*** Opening ENTRIES SHOWN ***

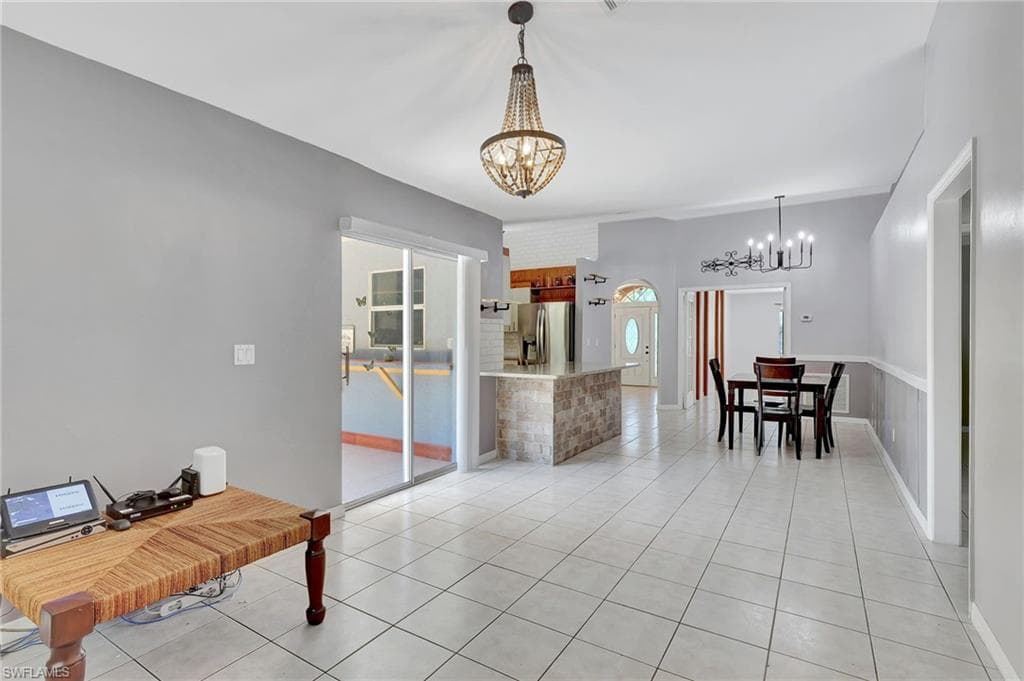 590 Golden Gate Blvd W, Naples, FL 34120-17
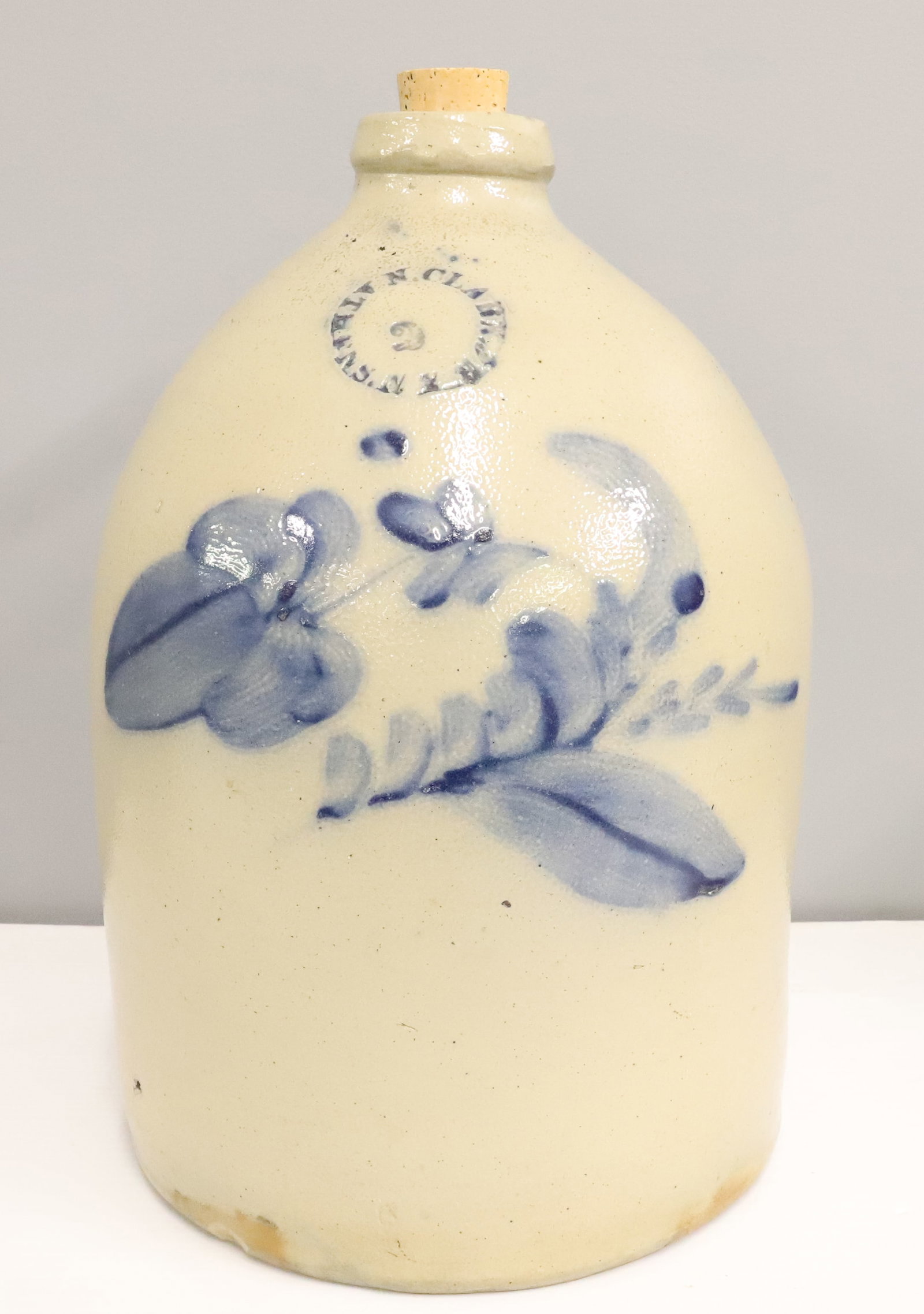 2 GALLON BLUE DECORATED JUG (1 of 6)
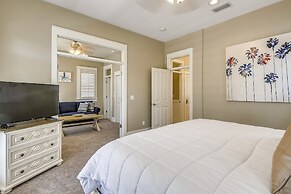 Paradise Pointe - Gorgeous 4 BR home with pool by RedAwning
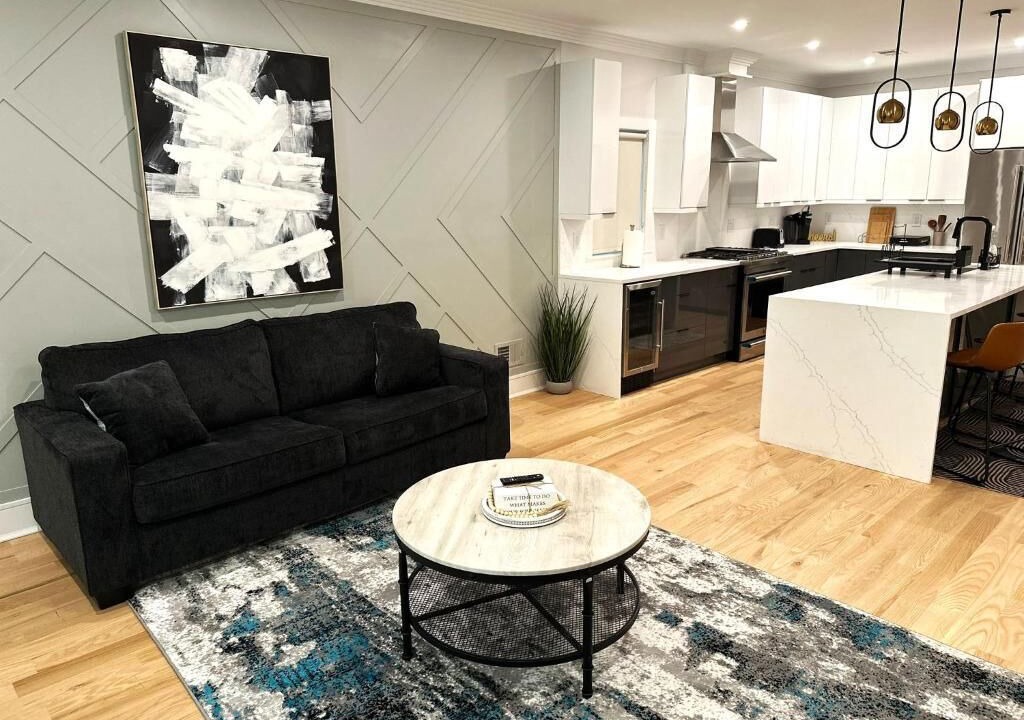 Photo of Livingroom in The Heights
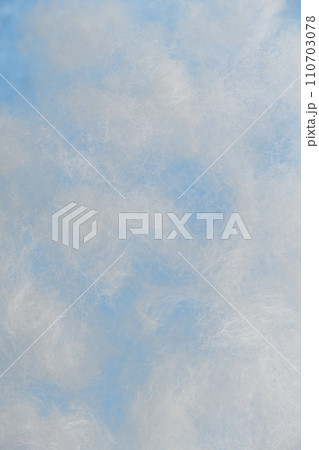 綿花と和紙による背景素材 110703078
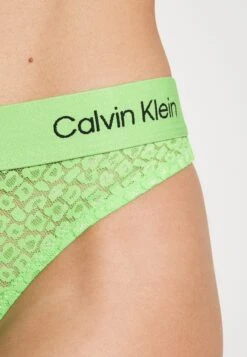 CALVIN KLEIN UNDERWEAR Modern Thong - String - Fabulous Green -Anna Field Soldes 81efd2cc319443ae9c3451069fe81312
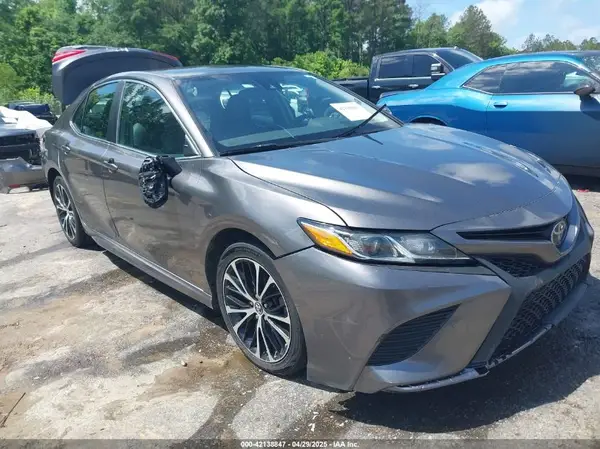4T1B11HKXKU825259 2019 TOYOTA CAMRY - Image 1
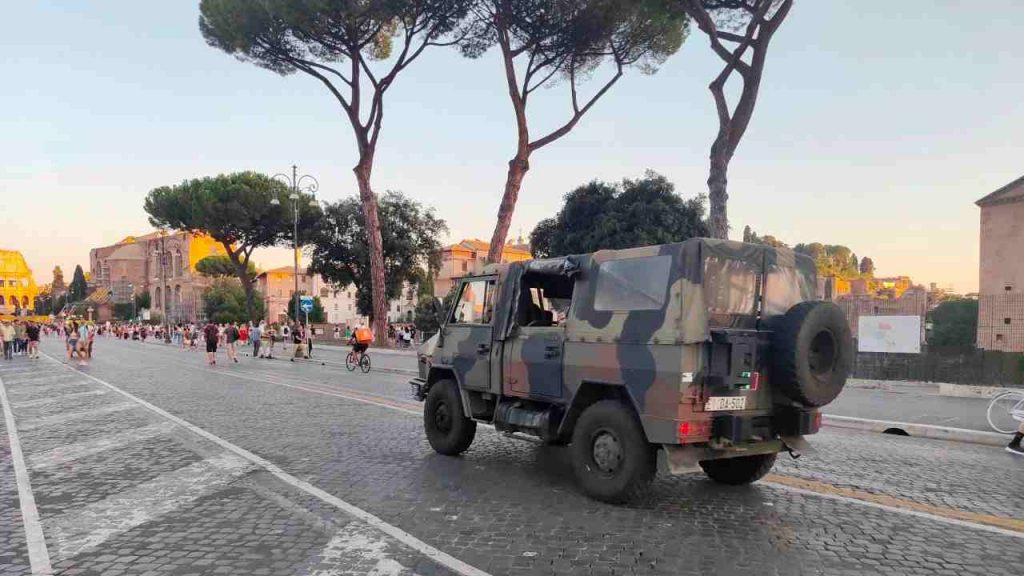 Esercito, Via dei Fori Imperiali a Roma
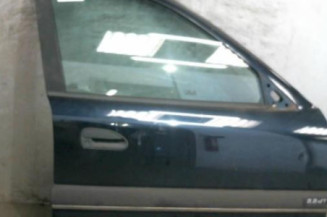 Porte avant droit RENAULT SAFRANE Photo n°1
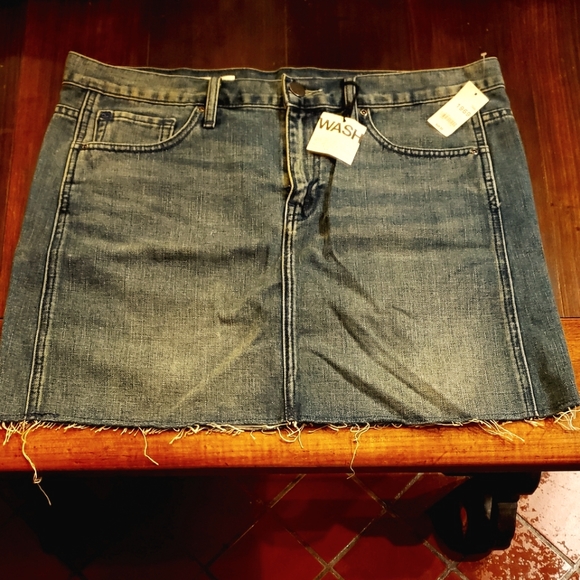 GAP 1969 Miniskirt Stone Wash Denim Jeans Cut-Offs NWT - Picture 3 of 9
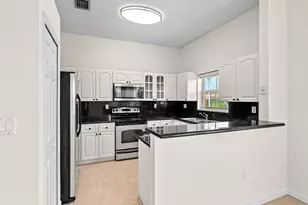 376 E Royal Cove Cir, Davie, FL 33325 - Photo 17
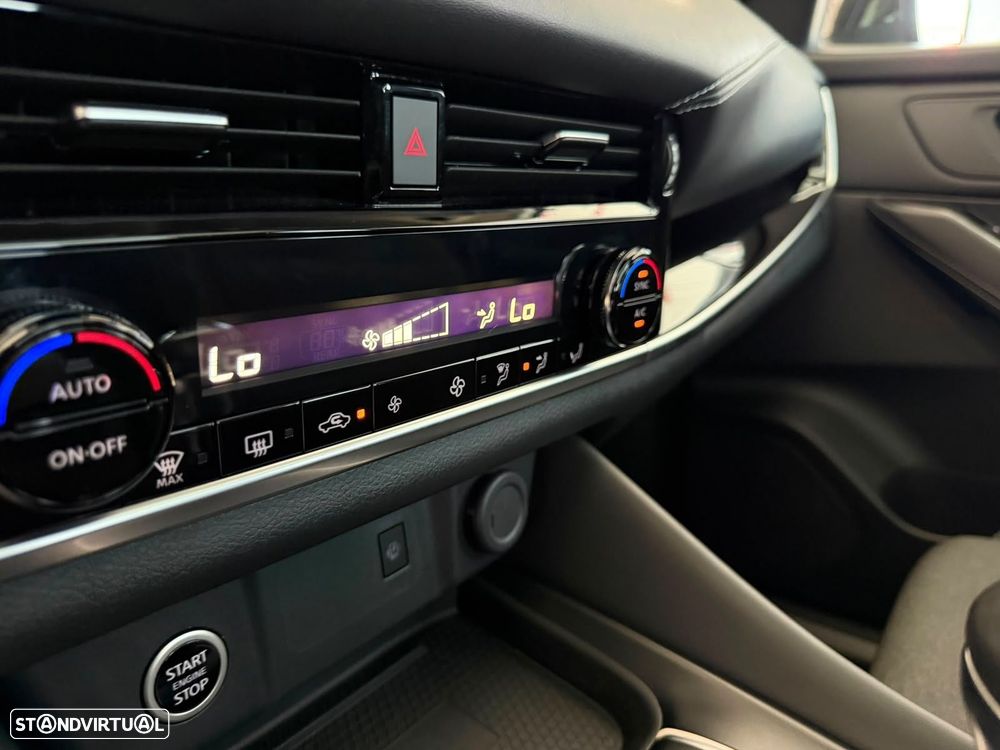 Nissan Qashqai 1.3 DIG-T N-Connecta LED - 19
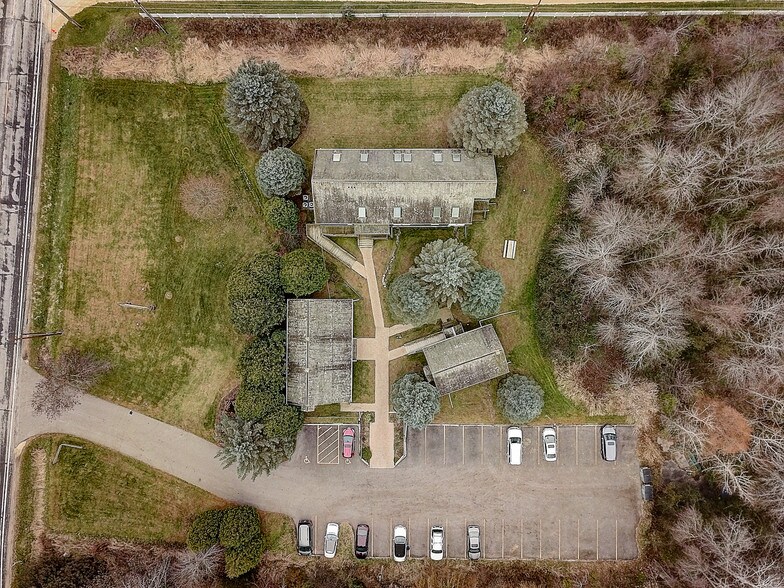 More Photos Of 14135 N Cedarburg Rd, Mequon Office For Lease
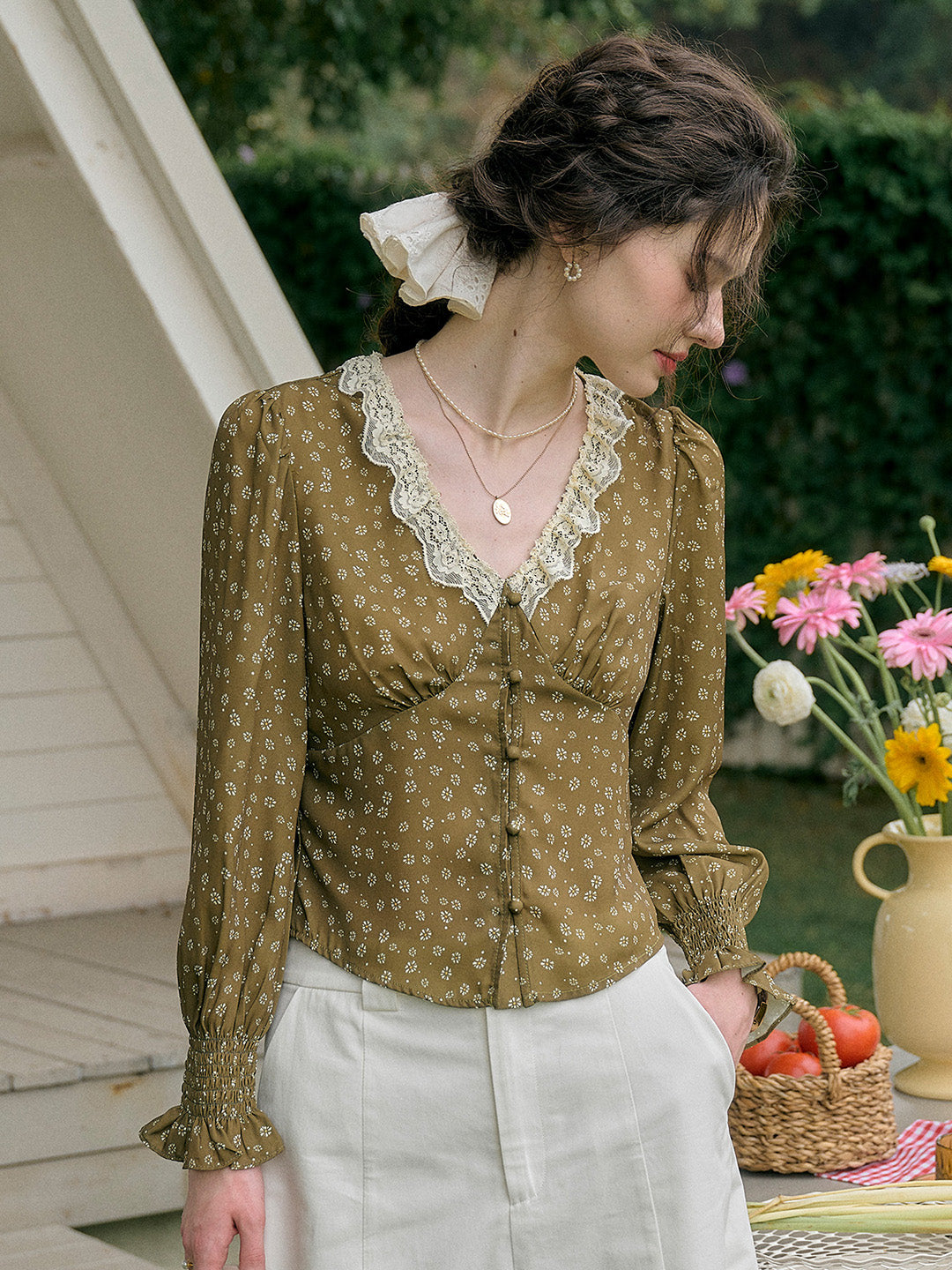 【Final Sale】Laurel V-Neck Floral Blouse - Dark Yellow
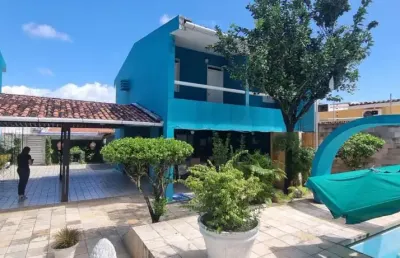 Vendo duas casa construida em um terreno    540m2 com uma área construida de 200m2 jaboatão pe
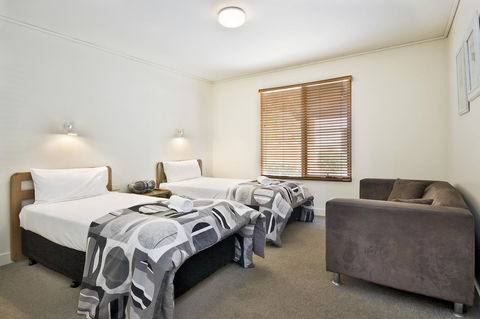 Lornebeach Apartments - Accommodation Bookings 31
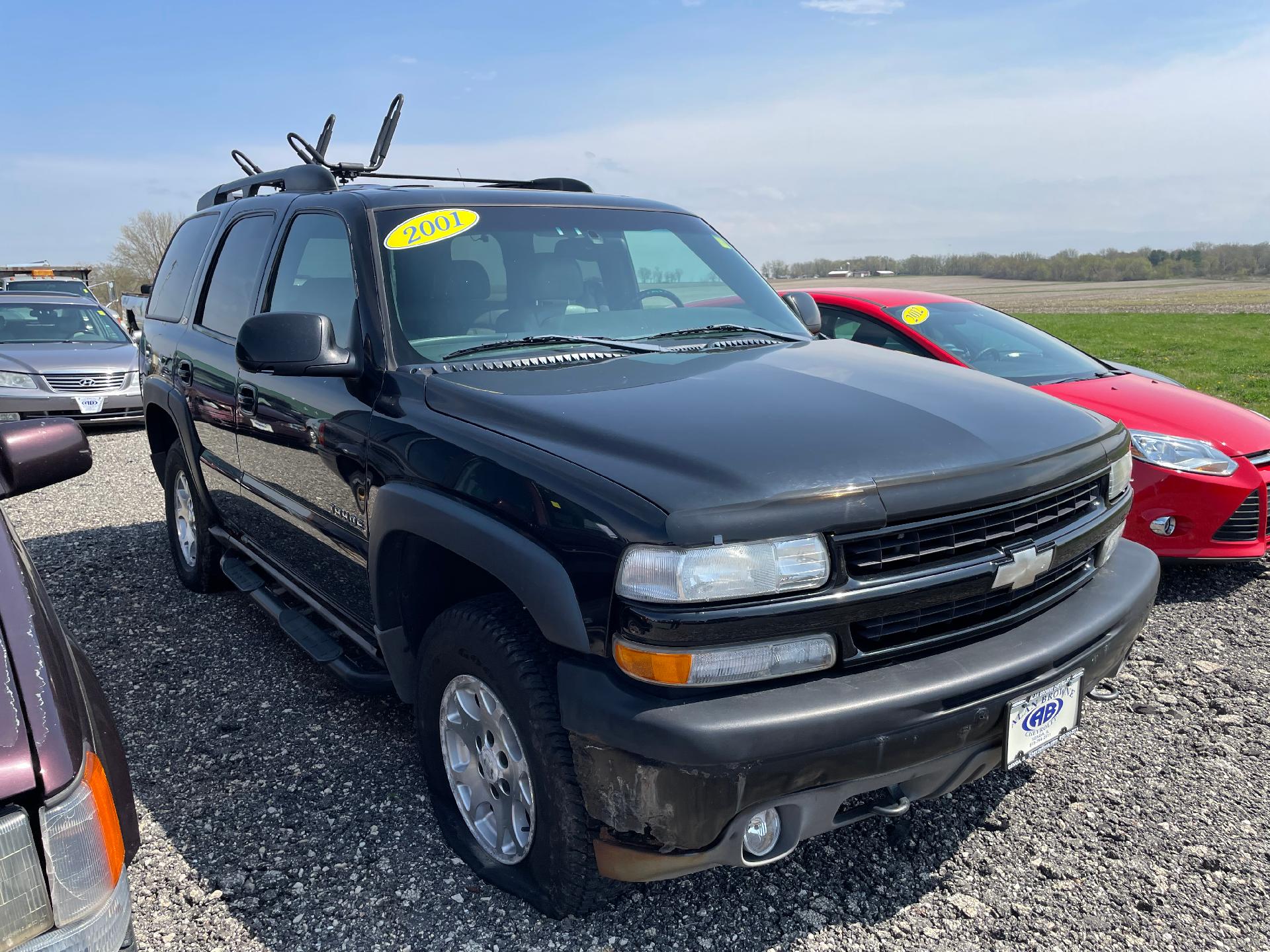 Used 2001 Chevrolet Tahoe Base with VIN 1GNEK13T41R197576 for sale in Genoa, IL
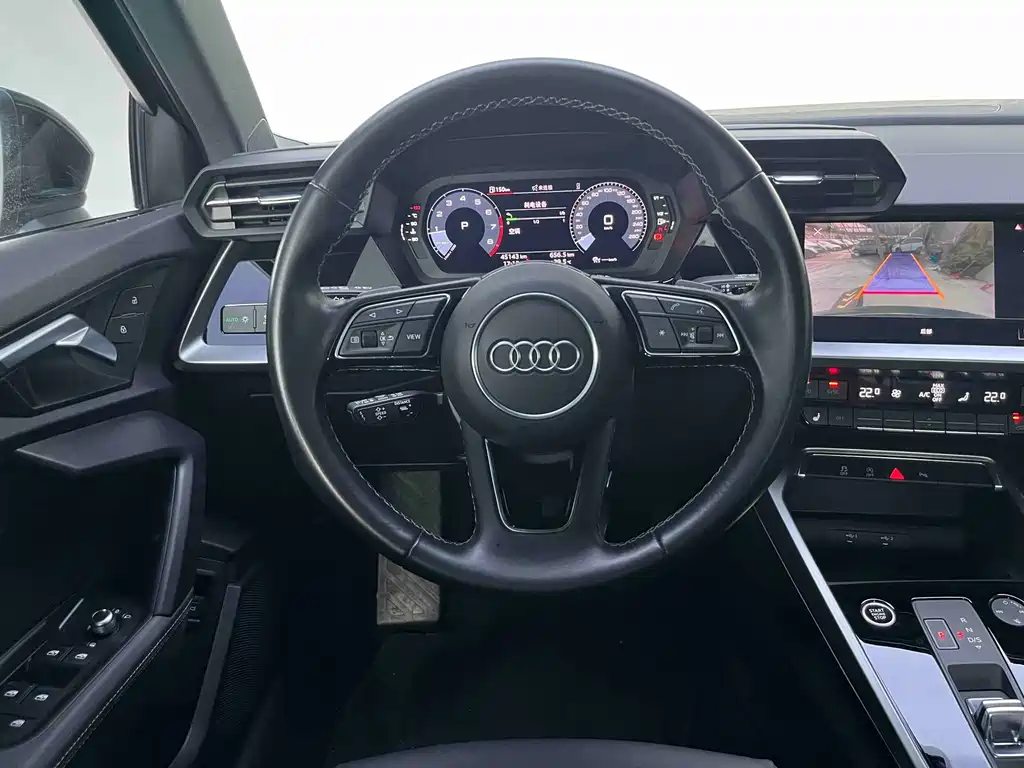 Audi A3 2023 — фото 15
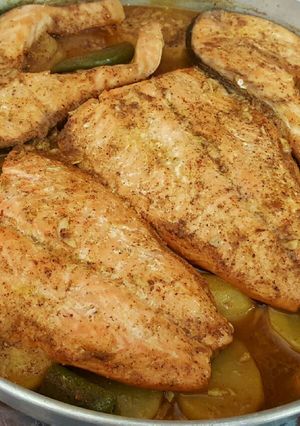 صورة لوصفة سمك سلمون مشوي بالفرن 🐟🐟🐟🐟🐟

*** Closing ENTRIES SHOWN ***

> _TO DO_: The line that contains "綿花と和紙による背景素材 110703078" begins the range and the last line of the entries ends it; print that range exactly, without pictures.

> _OUTPUT BELOW_:
 綿花と和紙による背景素材 110703078
 CALVIN KLEIN UNDERWEAR Modern Thong - String - Fabulous Green -Anna Field Soldes 81efd2cc319443ae9c3451069fe81312
4T1B11HKXKU825259 2019 TOYOTA CAMRY - Image 1
 Esercito, Via dei Fori Imperiali a Roma
 Porte avant droit RENAULT SAFRANE Photo n°1
 GAP 1969 Miniskirt Stone Wash Denim Jeans Cut-Offs NWT - Picture 3 of 9
 376 E Royal Cove Cir, Davie, FL 33325 - Photo 17
 Nissan Qashqai 1.3 DIG-T N-Connecta LED - 19
 More Photos Of 14135 N Cedarburg Rd, Mequon Office For Lease
 【Final Sale】Laurel V-Neck Floral Blouse - Dark Yellow
 Vendo duas casa construida em um terreno    540m2 com uma área construida de 200m2 jaboatão pe
 Lornebeach Apartments - Accommodation Bookings 31
 Used 2001 Chevrolet Tahoe Base with VIN 1GNEK13T41R197576 for sale in Genoa, IL
 Audi A3 2023 — фото 15
 صورة لوصفة سمك سلمون مشوي بالفرن 🐟🐟🐟🐟🐟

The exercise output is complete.